Pour info, ces 15 premières pages, je les avais écrites pour « harponner » le lecteur. C’est-à-dire que j’y déployais un style « classique » et une narration correspondant aux standards du polar contemporain. Autant dire que mon harponnage était pour lui le cœur du roman. Pour moi, il était un moyen d’amener le lecteur vers la narration, le fond que je voulais exprimer. En gros, il me demandait de vider le contenu de ce qui faisait ma singularité. Je ne me sentais pas capable de « plier », je ne me sentais pas d’écrire un roman qui ferait « plaisir » au directeur de collection dans l’objectif de « rassasier » des lecteurs en attente d’un récit formaté. Il me trouvait têtu alors même que je ne demandais qu’une chose : qu’il m’accompagne pour améliorer le livre et non pour le réécrire intégralement. Notre « collaboration » s’arrêta là.
J’ai soumis « Chronique de la mort au bout » à bien d’autres éditeurs qui le refusèrent généralement avec un courrier standard avant retour du manuscrit à mes frais. Certains me proposèrent même de l’autoéditer sur leurs sites/partenaires/filiales d’autoédition. Une petite humiliation qui ne fit que gonfler ma colère à leur encontre.

L’un d’entre eux, un « gros » éditeur, à qui je proposai ce roman et un projet de tétralogie prit le temps de m’écrire. Il m’expliqua qu’il adorait mon style, que j’avais du talent, etc. Mais il finit par conclure en m’indiquant qu’au-delà du fait que j’étais un bon auteur, ce que j’écrivais était trop sombre et mon regard sur le monde – même s’il était totalement valable, crédible et même réaliste – ne pouvait être publié car « Je me refuse à accepter que vous ayez raison, ça me déprime trop, je préfère ne pas diffuser un tel écrit ».
Bref. J’ai laissé tomber depuis (c’était en 2014-2015), épuisé par ce feu de barrage collectif des acteurs de l’édition française.
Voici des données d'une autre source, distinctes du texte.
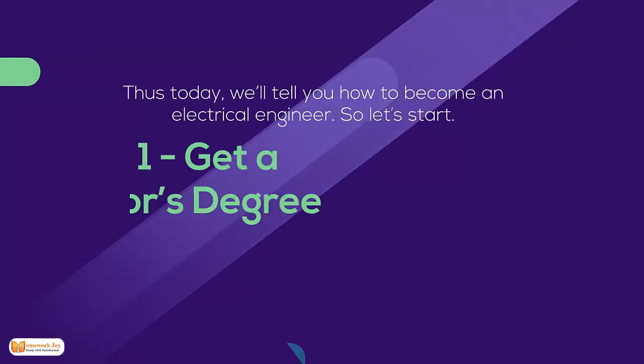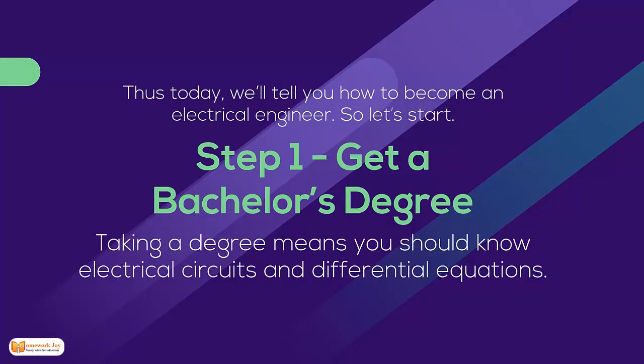We'll tell you how to become an electrical engineer. So let's start. Step 1: Get a degree. Taking a degree means you should know electrical circuits and differential equations.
J’ai opté pour un repli bénéfique pour ma psyché. Courir, demander, et pourquoi pas supplier des personnes qui reconnaissent mon talent sans mettre une fois leurs couilles sur la table pour le proposer à des lecteurs, c’est au-delà de ma personnalité.
J’ai édité « Chronique de la Mort au bout » par mes propres moyens. J’en ai écoulé mille exemplaires à ce jour avec une écrasante majorité d’avis positifs. Pour le suivant, DATACENTER, ce sont les Editions du Pont de l’Europe qui ont accepté de le publier. Un éditeur très exigeant – c’est donc flatteur pour moi – qui, hélas, n’a pas les moyens d’une diffusion en librairie. J’en ai pourtant écoulé plusieurs centaines, avec des avis 100% positifs par dizaines.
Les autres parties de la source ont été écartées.